The key is something you will have to be doing to get good performance anyway: texture atlases. All of your tiles should be stored in a single texture. You use texture coordinate to pull different tiles out of that texture when rendering. So if this is what your render loop looks like now:

for(tile in tileList) //Pseudocode. Not actual C++
{
    glBindTexture(GL_TEXTURE_2D, tile.texture);
    glBegin(GL_QUADS);
        glTexCoord2f(0.0f, 0.0f);
        glVertex2fv(tile.lowerLeft);
        glTexCoord2f(0.0f, 1.0f);
        glVertex2fv(tile.upperLeft);
        glTexCoord2f(1.0f, 1.0f);
        glVertex2fv(tile.upperRight);
        glTexCoord2f(1.0f, 0.0f);
        glVertex2fv(tile.lowerRight);
    glEnd();
}

You can convert it into this:

glBindTexture(GL_TEXTURE_2D, allTilesTexture);
glBegin(GL_QUADS);
for(tile in tileList) //Still pseudocode.
{
    glTexCoord2f(tile.texCoord.lowerLeft);
    glVertex2fv(tile.lowerLeft);
    glTexCoord2f(tile.texCoord.upperLeft);
    glVertex2fv(tile.upperLeft);
    glTexCoord2f(tile.texCoord.upperRight);
    glVertex2fv(tile.upperRight);
    glTexCoord2f(tile.texCoord.lowerRight);
    glVertex2fv(tile.lowerRight);
}
glEnd();

If you are already using a texture atlas and still aren't getting acceptable performance, then you can move on to buffer objects and the like. But you won't get any better performance from buffer objects if you don't do this first.

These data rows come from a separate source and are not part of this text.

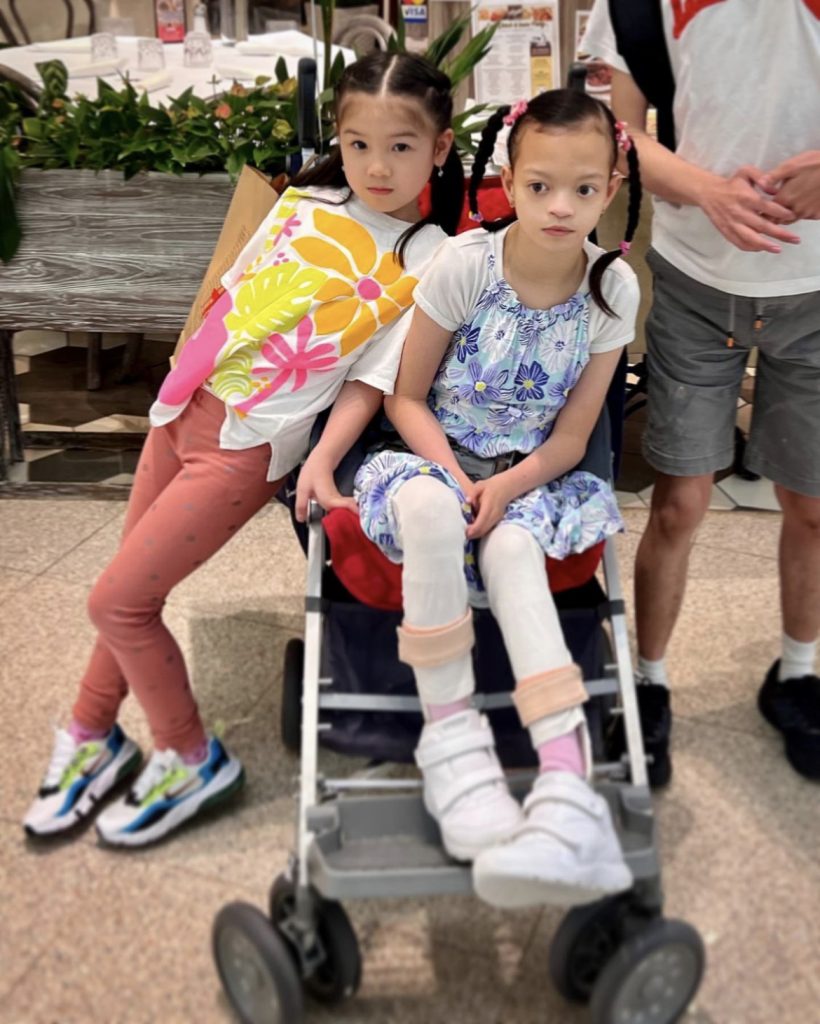 細女Michela照顧患罕見病家姐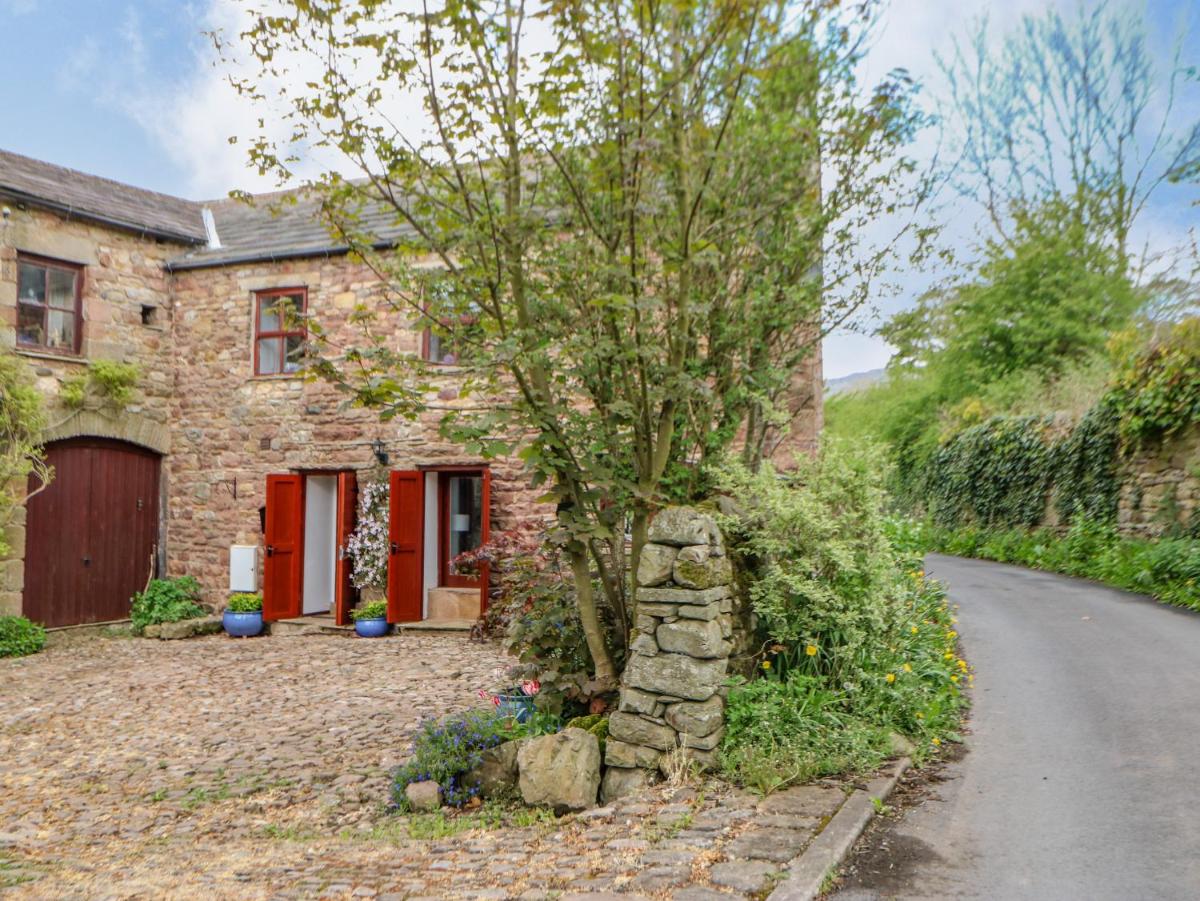 Robins Lodge - Housity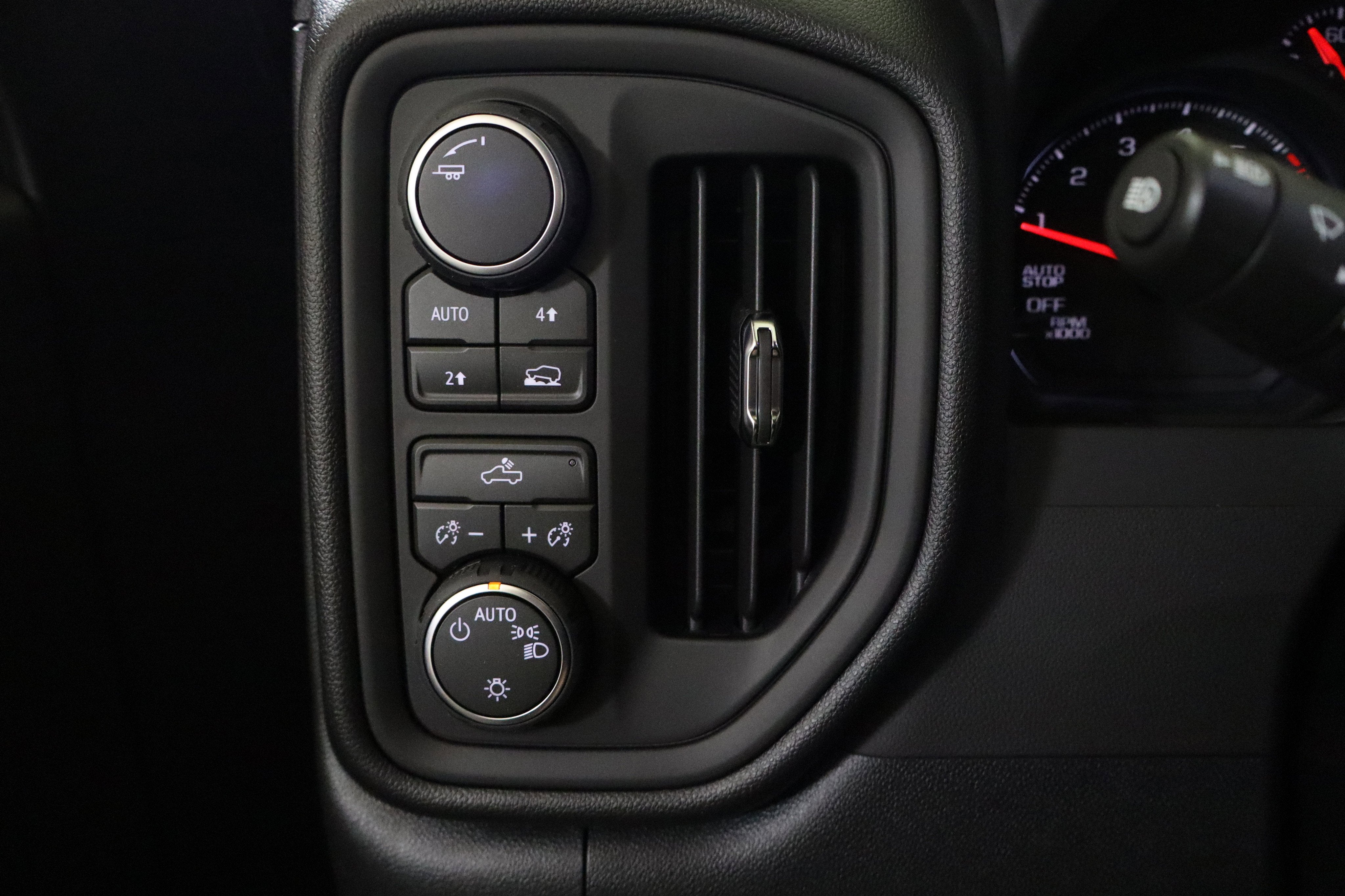 2026 Chevrolet Silverado 1500 Custom Crew Cab 4WD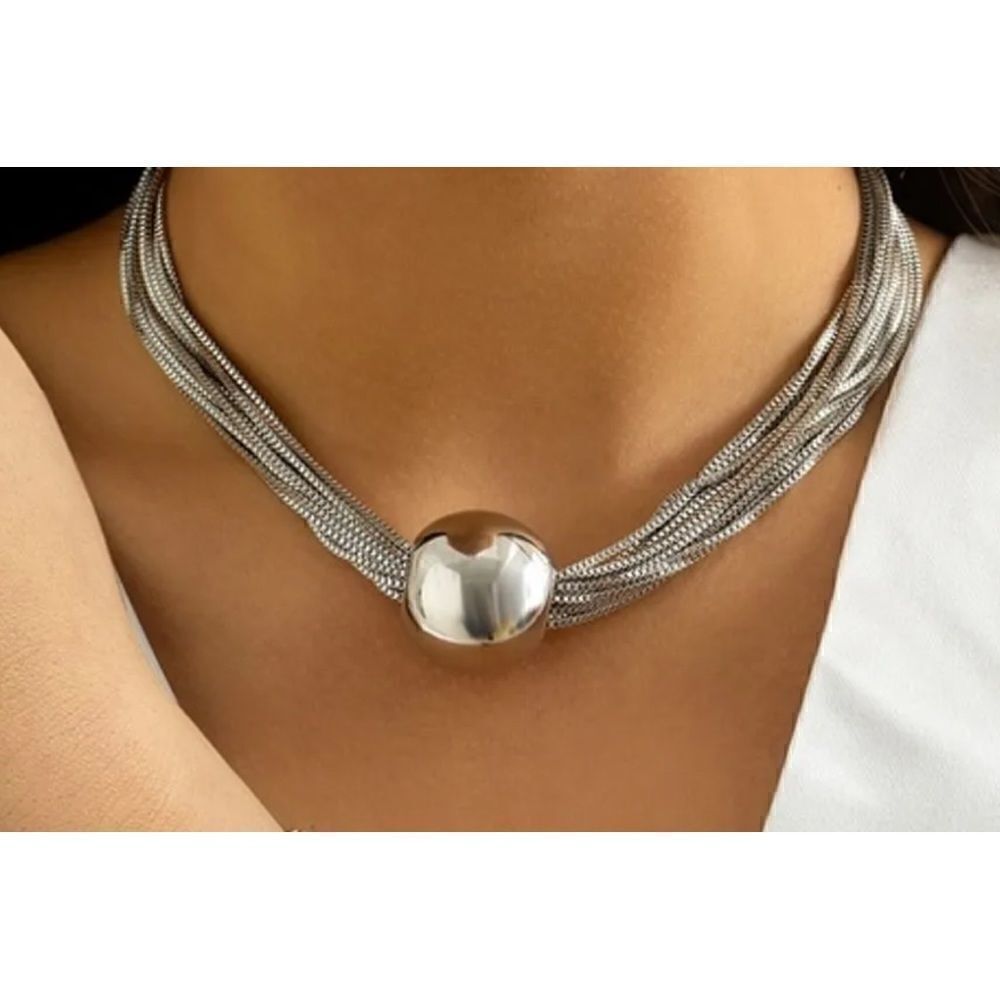 NWT  Set Twisted Chunky Necklace and bracelet set . In silver .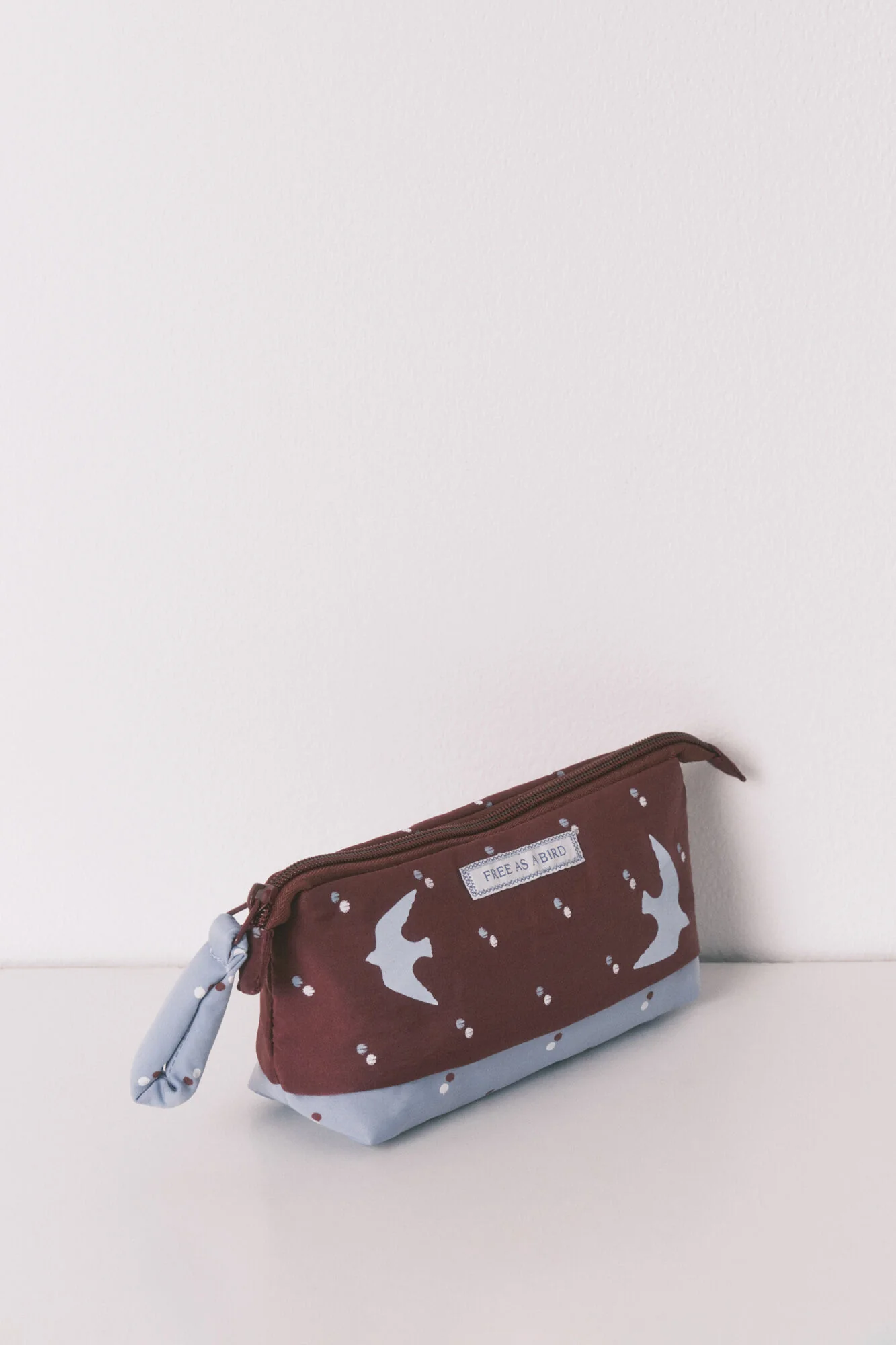 Burgundy small bird print vanity case - Image 2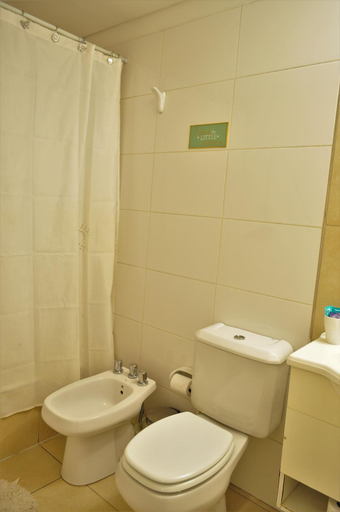 Bathroom 2, Uvas Apart Hotel, Capital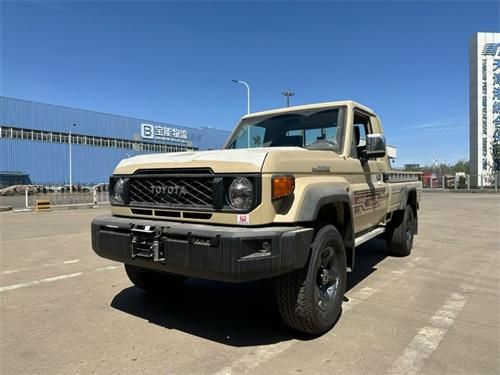 24款酷路泽lc79单排4.0手动汽油现车真实优惠价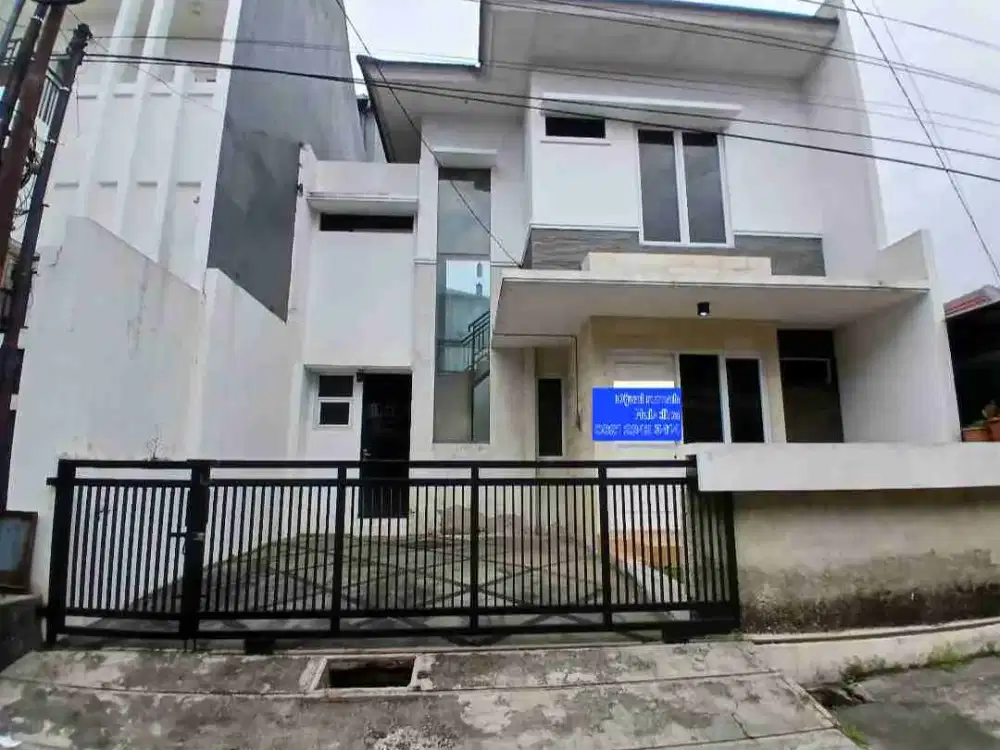 Dijual rumah keamanan 24 jam  Galaksi Bekasi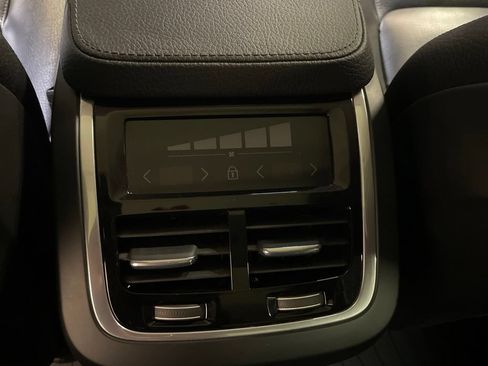 Used 2019 Volvo XC90 T6 Momentum w/ Advanced Package AWD/4WD image 12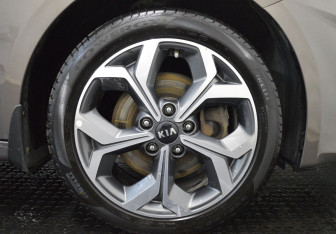 Подержанный автомобиль Kia Ceed Wagon 2019 года (9 фото)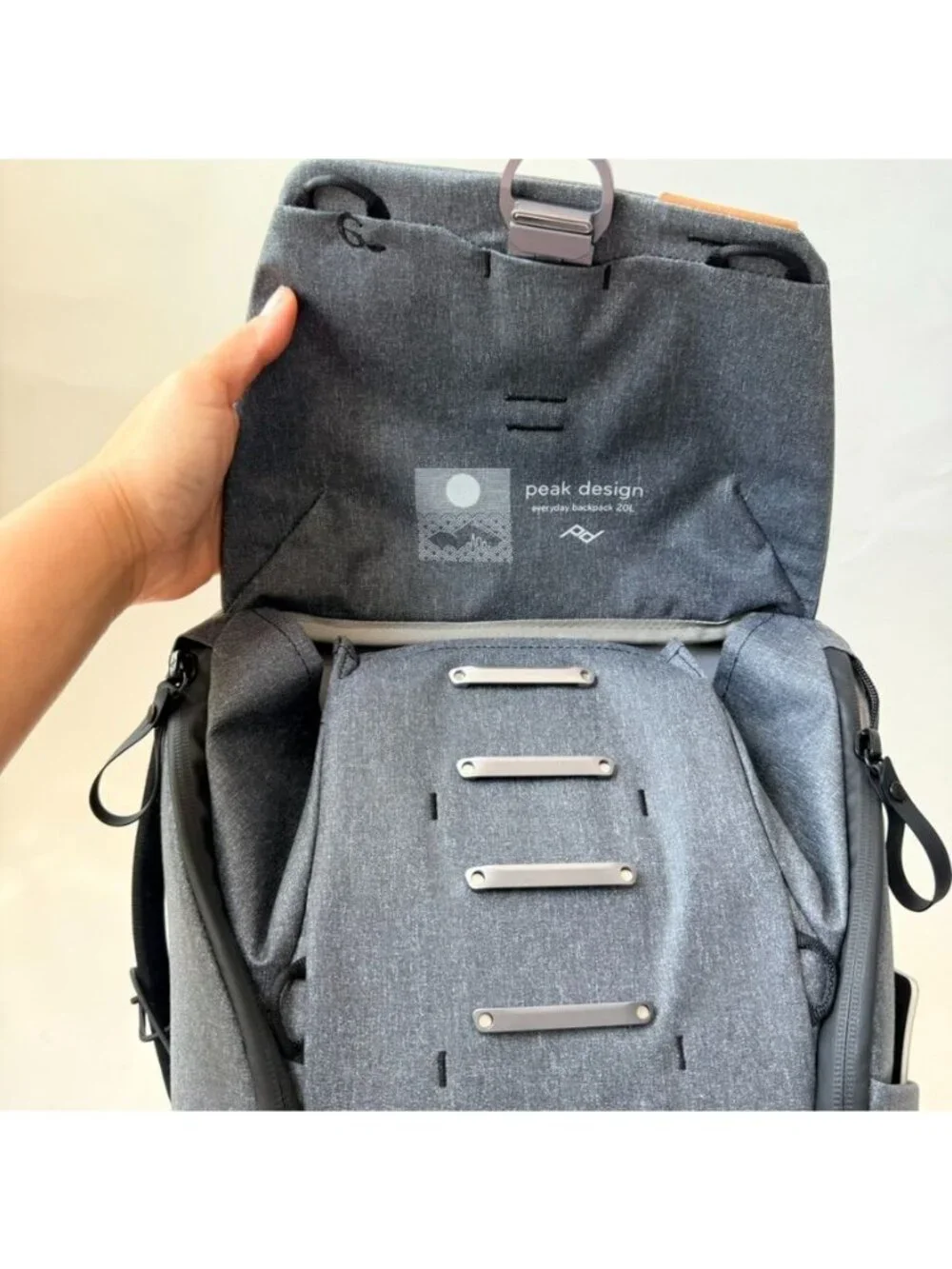 NWT Peak Design Everyday Backpack 20L Gray ( Customized) Laptop Travel Bag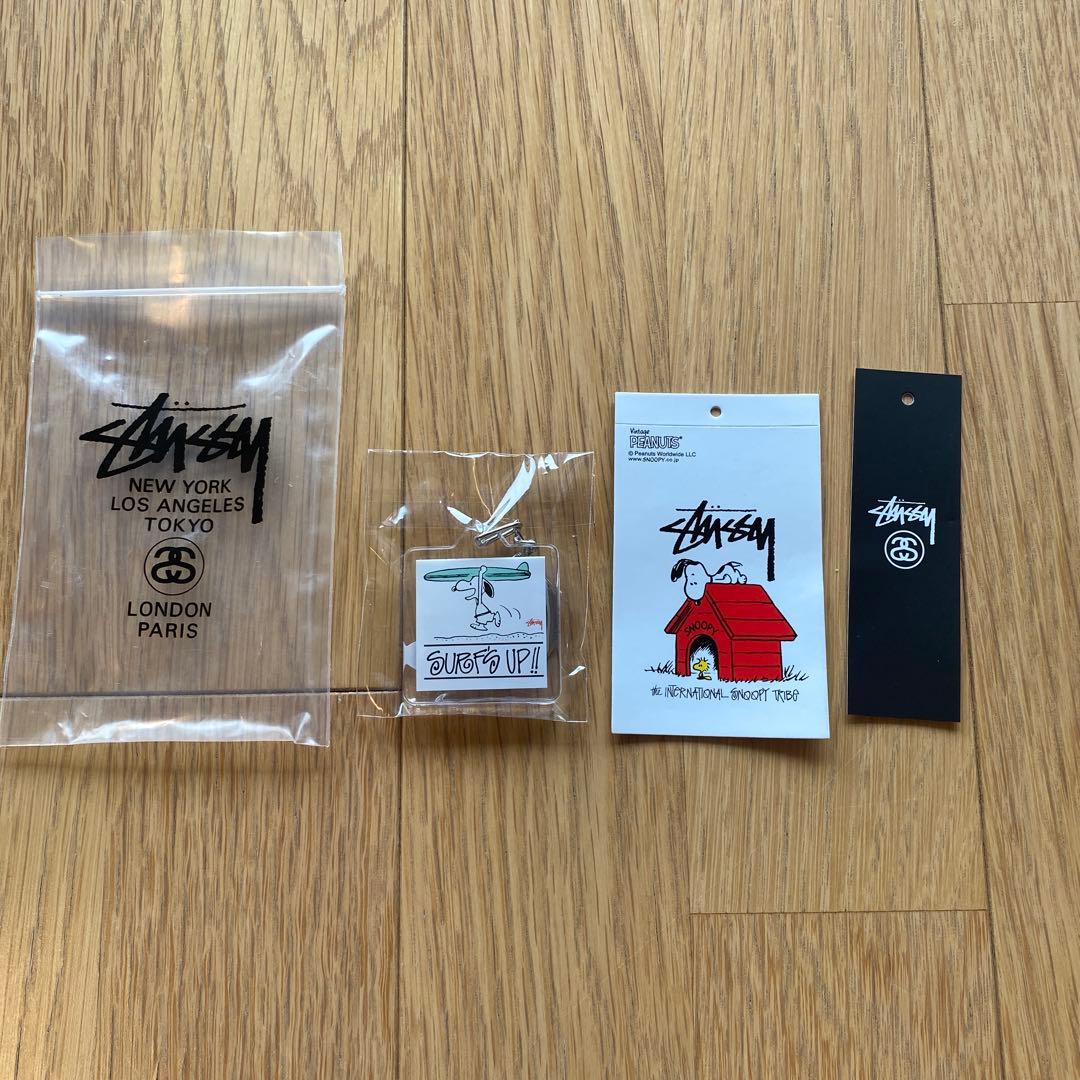 u*8様 stussy スヌーピー サーフボード キーホルダー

If all of your tiles cannot fit into a single texture, then you will need to do one of two things: use multiple textures (rendering as many tiles with each texture in one glBegin/glEnd pair as possible), or use a texture array. Texture arrays are available in OpenGL 3.0-level hardware only. That means any Radeon HDxxxx or GeForce 8xxxx or better.

You mentioned that you sometimes render "features" on top of tiles. These features likely use blending and different glTexEnv modes from regular tiles. In this case, you need to find ways to group similar features into a single glBegin/glEnd pair.

As you may be gathering from this, the key to performance is minimizing the number of times you call glBindTexture and glBegin/glEnd. Do as much work as possible in each glBegin/glEnd.

If you wish to proceed with a buffer-based approach (and you should only bother if the texture atlas approach didn't get your performance up to par), it's fairly simple. Put all of your tile "chunks" into a single buffer object. Don't make a buffer for each one; there's no real reason to do so, and 40x40 tiles worth of vertex data is only 12,800 bytes. You can put 81 such chunks in a single 1MB buffer. This way, you only have to call glBindBuffer for your terrain. Which again, saves you performance.

I would need to know more about these "features" you sometimes use to suggest a way to optimize them. But as for dynamic buffers, I wouldn't worry. Just use glBufferSubData to update the part of the buffer in question. If this turns out to be slow, there are several options for making it faster that you can employ. But you shouldn't bother unless you know that it is necessary, since they're complex.

Sprites are probably something that benefits the absolute least from a buffer object approach. There's really nothing to be gained by it over immediate mode. Even if you're rendering hundreds of them, each one will have its own transformation matrix. Which means that each one will have to be a separate draw call. So it may as well be glBegin/glEnd.